Pictures must not appear in the copy. Set down exactly the line with "Miniature Dachshund dogs" and each line after it through the end of the data below.
##### Input data
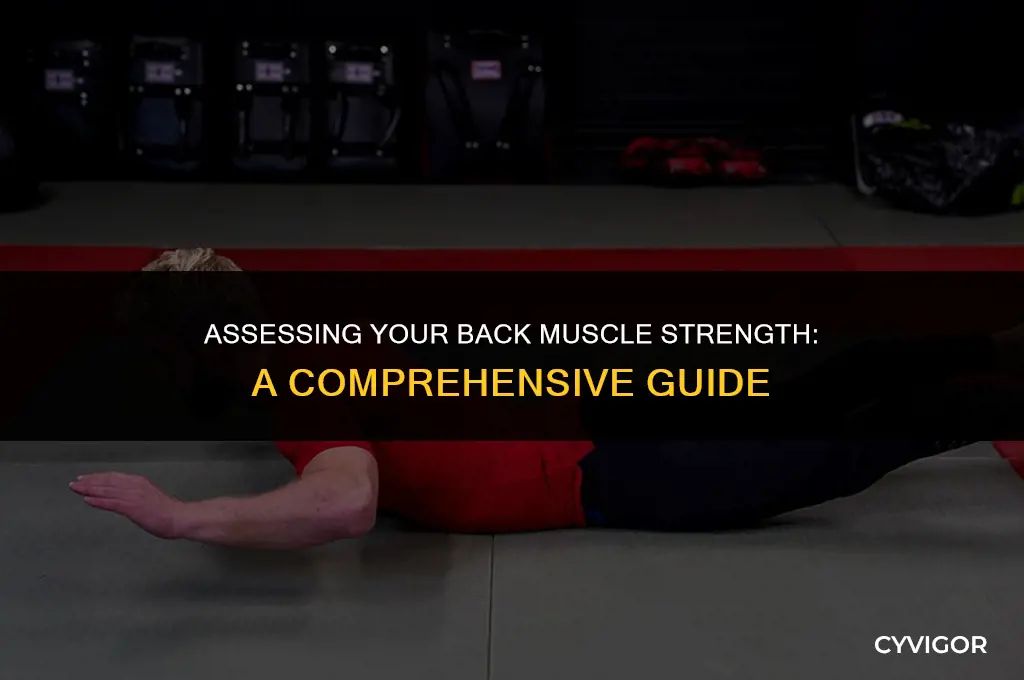 how to measure back muscle strength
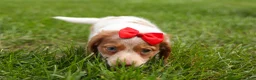 Miniature Dachshund dogs for sale: OSCAR - Ad 6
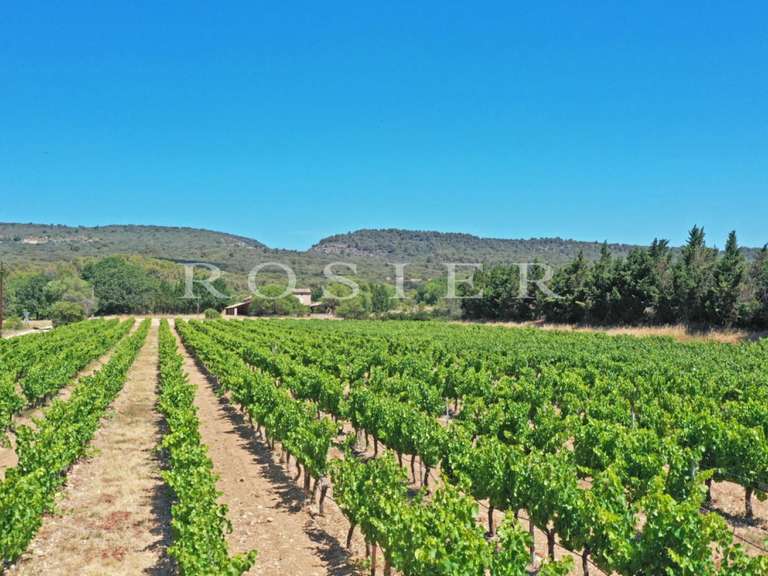 House Gordes - 7 bedrooms - 500m²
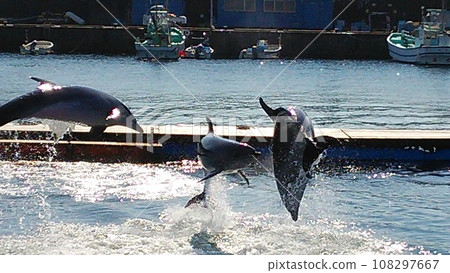 Dolphin jumping and swimming in the sky Dolphin jumping and swimming in the sky 108297667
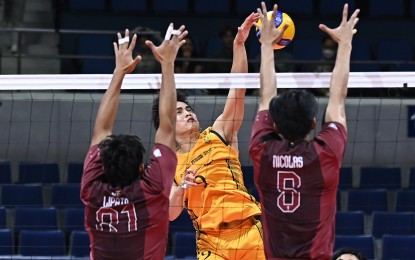 <p><strong>DUNK.</strong> Far Eastern University's Dryx Saavedra tries to score against University of the Philippines' Daniel Nicolas (No. 5) and Angelo Lipata (No. 21) during the UAAP Season 87 men's volleyball tournament at Smart Araneta Coliseum in Quezon City on Sunday (April 6, 2025). The Tamaraws won, 25-19, 25-21, 20-25, 29-31, 15-12, to book the first semifinal slot. (<em>UAAP photo)</em></p>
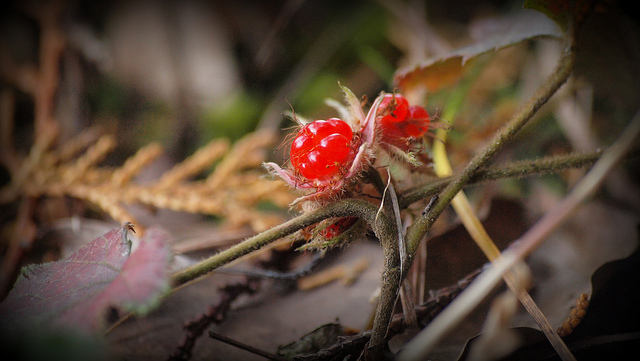Rubus buergeri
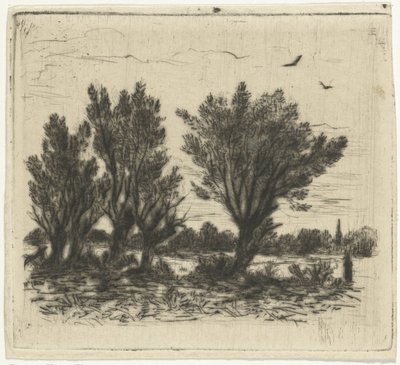 Fila de sauces de Johan Frederik Croockewit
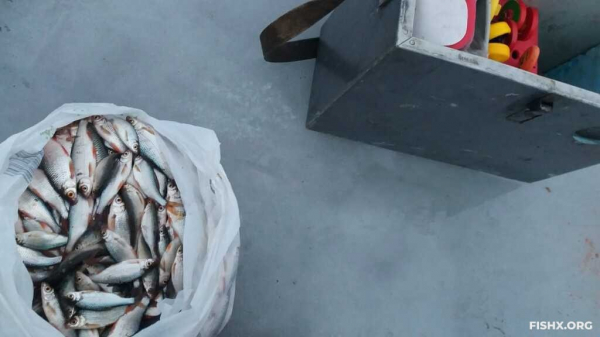 День голодной плотвы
##########
▸ **Answer section**:
 Miniature Dachshund dogs for sale: OSCAR - Ad 6
 House Gordes - 7 bedrooms - 500m²
 Dolphin jumping and swimming in the sky Dolphin jumping and swimming in the sky 108297667
 <p><strong>DUNK.</strong> Far Eastern University's Dryx Saavedra tries to score against University of the Philippines' Daniel Nicolas (No. 5) and Angelo Lipata (No. 21) during the UAAP Season 87 men's volleyball tournament at Smart Araneta Coliseum in Quezon City on Sunday (April 6, 2025). The Tamaraws won, 25-19, 25-21, 20-25, 29-31, 15-12, to book the first semifinal slot. (<em>UAAP photo)</em></p>
Rubus buergeri
 Fila de sauces de Johan Frederik Croockewit
 День голодной плотвы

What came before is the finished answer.